━━ Data section ━━

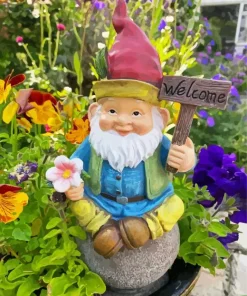 Garden Gnome Diamond Painting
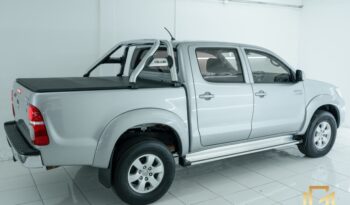Toyota Hilux Cabine Dupla CD SRV 2.7 4×2 completo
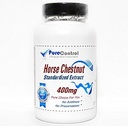 Horse Chestnut Standardized Extract 400mg // 100 Capsules // Pure // by PureControl Supplements 2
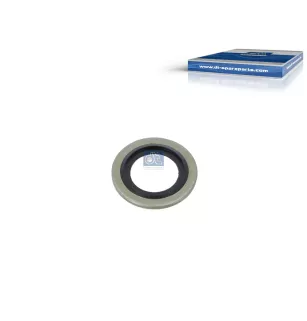 Bague d'étanchéité d: 16.8 mm, D: 24 mm, H: 2.5 mm Pour Volvo B5, B6, B7, Construction Equipment, FL, B9, B11, B13 - 948883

━━━

Problem statement:
Restate the listing word for word, pictures omitted.

Answer section:
 Garden Gnome Diamond Painting
Toyota Hilux Cabine Dupla CD SRV 2.7 4×2 completo
 Horse Chestnut Standardized Extract 400mg // 100 Capsules // Pure // by PureControl Supplements 2
 Bague d'étanchéité d: 16.8 mm, D: 24 mm, H: 2.5 mm Pour Volvo B5, B6, B7, Construction Equipment, FL, B9, B11, B13 - 948883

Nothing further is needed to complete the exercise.